Pour mieux comprendre l’importance de l’application de ces critères, prenons à titre d’exemple le verset 14 de la sourate 9, At-Tawbah : « Combattez-les. Allah, par vos mains, les châtiera, les couvrira d’ignominie, vous donnera la victoire sur eux et guérira les poitrines d’un peuple croyant ». Ce verset parle généralement des polythéistes : son sens apparent donne l’impression que Dieu ordonne les musulmans de combattre tous les polythéistes, y compris les juifs et les chrétiens. Un petit recul vers le verset précédent rend les choses plus claires : « Ne combattrez-vous pas des gens qui ont violé leurs serments, qui ont voulu bannir le Messager et alors que ce sont eux qui vous ont attaqués les premiers ? Les redoutiez-vous ? C’est Allah qui est plus digne de votre crainte si vous êtes croyants ! ». Un peu encore en arrière nous trouvons : « Et si, après le pacte, ils violent leurs serments et attaquent votre religion, combattez alors les chefs de la mécréance - car, ils ne tiennent aucun serment - peut-être cesseront-ils ?» et « Ils ne respectent, à l’égard d’un croyant, ni parenté ni pacte conclu. Et ceux-là sont les transgresseurs ». Le contexte du verset paraît donc de plus en plus clair : l’ordre de combat n’est pas adressé contre tous les polythéistes, mais plutôt contre certains nombres d’eux qui ont commencé à transgresser les musulmans à l’époque et à violer les pactes conclus entre eux. Une petite analyse linguistique montre qu’il y a une grande différence en arabe entre le verbe arabe Qatla (tuer) et « Qatala » (combattre un agresseur), le dernier verbe donne linguistiquement le sens d’une réaction alors que le premier donne  le sens d’une action. Dans ce verset, toujours 14, le verbe utilisé est plutôt « Qatala », et c'est ce qui confirme qu’une telle sentence concerne plutôt un cas de self-défense après une attaque ou une trahison et non pas un appel « au meurtre ou à la violence » comme peuvent le penser les signataires de ce manifeste.

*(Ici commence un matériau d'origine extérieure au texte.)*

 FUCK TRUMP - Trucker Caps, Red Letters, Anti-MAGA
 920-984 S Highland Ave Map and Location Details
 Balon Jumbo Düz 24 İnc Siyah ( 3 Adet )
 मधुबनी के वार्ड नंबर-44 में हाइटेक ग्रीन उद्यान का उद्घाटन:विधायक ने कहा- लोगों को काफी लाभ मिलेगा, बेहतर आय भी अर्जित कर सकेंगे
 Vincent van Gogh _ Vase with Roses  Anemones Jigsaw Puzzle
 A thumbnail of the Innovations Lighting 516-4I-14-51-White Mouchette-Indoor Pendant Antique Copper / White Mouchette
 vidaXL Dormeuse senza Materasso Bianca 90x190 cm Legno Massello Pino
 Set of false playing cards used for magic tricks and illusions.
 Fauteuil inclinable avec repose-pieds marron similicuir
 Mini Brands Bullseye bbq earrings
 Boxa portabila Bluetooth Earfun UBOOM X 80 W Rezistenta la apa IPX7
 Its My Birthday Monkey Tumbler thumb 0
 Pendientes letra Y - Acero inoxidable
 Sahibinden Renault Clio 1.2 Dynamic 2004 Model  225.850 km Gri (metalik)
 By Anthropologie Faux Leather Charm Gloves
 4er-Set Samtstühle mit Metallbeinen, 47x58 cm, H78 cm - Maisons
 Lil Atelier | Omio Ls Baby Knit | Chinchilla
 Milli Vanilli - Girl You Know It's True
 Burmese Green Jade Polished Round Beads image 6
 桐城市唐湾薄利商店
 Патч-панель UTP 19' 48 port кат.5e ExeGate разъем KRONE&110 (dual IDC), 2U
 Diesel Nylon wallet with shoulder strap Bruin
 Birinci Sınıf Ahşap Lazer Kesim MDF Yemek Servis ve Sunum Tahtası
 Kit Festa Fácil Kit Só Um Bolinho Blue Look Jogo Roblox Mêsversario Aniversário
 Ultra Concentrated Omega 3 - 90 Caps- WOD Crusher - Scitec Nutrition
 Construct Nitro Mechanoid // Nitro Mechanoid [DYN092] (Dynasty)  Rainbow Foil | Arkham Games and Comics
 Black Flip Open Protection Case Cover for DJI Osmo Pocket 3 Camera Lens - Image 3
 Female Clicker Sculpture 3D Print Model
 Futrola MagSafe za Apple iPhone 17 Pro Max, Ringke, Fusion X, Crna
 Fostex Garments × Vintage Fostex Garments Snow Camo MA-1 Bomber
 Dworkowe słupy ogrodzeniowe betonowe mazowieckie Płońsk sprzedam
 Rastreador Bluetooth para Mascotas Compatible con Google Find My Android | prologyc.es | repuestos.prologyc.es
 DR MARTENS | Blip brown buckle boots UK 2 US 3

En bref, il est très important de distinguer entre l’énoncé des versets coraniques et leur interprétation eronnée ou application fautive par certains individus ou groupes extrémistes se réclamant de l’Islam. Enfin, l’Observatoire d’al-Azhar appelle les signataires de ce manifeste à revoir leur attitude tout en évitant de politiser cette question qui doit faire l’objet d’étude et d’analyse plutôt que de débats médiatiques.